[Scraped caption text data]

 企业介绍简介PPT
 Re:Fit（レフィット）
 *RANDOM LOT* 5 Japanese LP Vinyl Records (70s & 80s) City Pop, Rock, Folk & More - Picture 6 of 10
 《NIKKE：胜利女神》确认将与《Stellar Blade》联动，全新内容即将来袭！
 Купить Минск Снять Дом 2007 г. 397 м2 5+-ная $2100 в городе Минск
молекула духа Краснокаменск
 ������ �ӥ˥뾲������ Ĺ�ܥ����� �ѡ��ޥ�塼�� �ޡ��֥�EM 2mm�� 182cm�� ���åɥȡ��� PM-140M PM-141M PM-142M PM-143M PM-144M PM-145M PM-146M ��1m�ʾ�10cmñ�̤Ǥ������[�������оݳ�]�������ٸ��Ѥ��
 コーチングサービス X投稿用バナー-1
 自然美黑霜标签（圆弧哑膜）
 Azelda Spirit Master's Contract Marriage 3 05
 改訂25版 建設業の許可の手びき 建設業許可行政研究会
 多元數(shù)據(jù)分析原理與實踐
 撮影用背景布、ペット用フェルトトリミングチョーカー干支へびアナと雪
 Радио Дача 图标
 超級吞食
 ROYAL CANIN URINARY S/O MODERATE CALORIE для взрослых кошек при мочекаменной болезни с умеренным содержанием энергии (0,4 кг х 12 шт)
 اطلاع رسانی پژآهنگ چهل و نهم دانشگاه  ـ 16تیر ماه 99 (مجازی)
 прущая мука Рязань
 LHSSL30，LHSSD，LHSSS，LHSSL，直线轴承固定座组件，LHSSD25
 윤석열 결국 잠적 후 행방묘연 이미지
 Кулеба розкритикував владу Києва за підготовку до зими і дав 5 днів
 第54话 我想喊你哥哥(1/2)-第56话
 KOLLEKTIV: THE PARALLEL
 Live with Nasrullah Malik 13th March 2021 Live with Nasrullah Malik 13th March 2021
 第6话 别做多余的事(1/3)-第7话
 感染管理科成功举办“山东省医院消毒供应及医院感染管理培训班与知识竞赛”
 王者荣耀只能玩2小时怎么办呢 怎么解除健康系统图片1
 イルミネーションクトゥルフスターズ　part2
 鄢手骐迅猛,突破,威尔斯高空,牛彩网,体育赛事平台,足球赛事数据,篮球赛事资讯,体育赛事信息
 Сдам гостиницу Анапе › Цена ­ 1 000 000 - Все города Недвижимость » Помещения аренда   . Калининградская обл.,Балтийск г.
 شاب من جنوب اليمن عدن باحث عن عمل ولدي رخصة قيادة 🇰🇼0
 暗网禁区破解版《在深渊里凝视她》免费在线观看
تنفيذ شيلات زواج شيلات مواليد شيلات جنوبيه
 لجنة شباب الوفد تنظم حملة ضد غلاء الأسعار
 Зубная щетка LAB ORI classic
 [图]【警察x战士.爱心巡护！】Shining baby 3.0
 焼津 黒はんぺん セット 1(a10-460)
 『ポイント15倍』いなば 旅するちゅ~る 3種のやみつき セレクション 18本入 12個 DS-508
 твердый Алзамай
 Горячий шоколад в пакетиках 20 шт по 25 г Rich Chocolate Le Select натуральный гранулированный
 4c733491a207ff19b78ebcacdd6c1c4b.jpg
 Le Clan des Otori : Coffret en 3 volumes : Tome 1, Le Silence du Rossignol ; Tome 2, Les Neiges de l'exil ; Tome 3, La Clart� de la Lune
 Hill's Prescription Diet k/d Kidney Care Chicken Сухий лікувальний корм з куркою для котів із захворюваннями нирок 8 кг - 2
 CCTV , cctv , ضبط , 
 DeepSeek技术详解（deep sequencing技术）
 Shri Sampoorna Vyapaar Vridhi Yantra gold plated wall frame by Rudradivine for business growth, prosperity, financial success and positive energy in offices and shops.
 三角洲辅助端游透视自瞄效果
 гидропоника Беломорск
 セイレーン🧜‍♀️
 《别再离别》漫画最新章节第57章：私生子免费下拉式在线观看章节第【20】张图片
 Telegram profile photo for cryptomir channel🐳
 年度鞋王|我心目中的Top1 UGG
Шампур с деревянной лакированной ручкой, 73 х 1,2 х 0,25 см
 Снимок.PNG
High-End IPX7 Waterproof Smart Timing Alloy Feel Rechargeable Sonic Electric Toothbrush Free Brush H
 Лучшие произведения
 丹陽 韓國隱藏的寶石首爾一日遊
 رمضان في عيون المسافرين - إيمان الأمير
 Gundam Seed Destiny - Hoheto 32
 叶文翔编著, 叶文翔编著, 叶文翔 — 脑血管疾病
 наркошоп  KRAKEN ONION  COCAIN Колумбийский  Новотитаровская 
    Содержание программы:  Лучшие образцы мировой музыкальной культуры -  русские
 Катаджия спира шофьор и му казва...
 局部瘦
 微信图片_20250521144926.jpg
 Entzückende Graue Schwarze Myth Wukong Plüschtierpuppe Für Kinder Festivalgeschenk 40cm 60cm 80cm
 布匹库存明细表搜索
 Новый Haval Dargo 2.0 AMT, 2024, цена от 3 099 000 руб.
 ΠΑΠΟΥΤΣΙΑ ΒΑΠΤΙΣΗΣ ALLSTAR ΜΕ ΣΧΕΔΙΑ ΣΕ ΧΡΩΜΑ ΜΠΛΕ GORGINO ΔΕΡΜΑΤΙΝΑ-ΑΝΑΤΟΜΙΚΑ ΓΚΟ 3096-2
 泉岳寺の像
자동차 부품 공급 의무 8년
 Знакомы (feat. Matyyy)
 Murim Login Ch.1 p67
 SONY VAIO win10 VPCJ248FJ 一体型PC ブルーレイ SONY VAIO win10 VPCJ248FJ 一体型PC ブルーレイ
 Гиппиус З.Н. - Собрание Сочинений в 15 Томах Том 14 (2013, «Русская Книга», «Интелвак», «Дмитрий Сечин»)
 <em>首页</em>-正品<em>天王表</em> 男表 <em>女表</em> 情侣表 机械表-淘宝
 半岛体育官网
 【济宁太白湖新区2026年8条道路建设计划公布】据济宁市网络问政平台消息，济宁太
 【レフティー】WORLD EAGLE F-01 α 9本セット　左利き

*WHAT IS EXPECTED*:
When you reach the line with "多元數(shù)據(jù)分析原理與實踐" in the records above, start writing out lines exactly, and stop once the line with "اطلاع رسانی پژآهنگ" has been written; include nothing else.

*WRITTEN ANSWER*:
 多元數(shù)據(jù)分析原理與實踐
 撮影用背景布、ペット用フェルトトリミングチョーカー干支へびアナと雪
 Радио Дача 图标
 超級吞食
 ROYAL CANIN URINARY S/O MODERATE CALORIE для взрослых кошек при мочекаменной болезни с умеренным содержанием энергии (0,4 кг х 12 шт)
 اطلاع رسانی پژآهنگ چهل و نهم دانشگاه  ـ 16تیر ماه 99 (مجازی)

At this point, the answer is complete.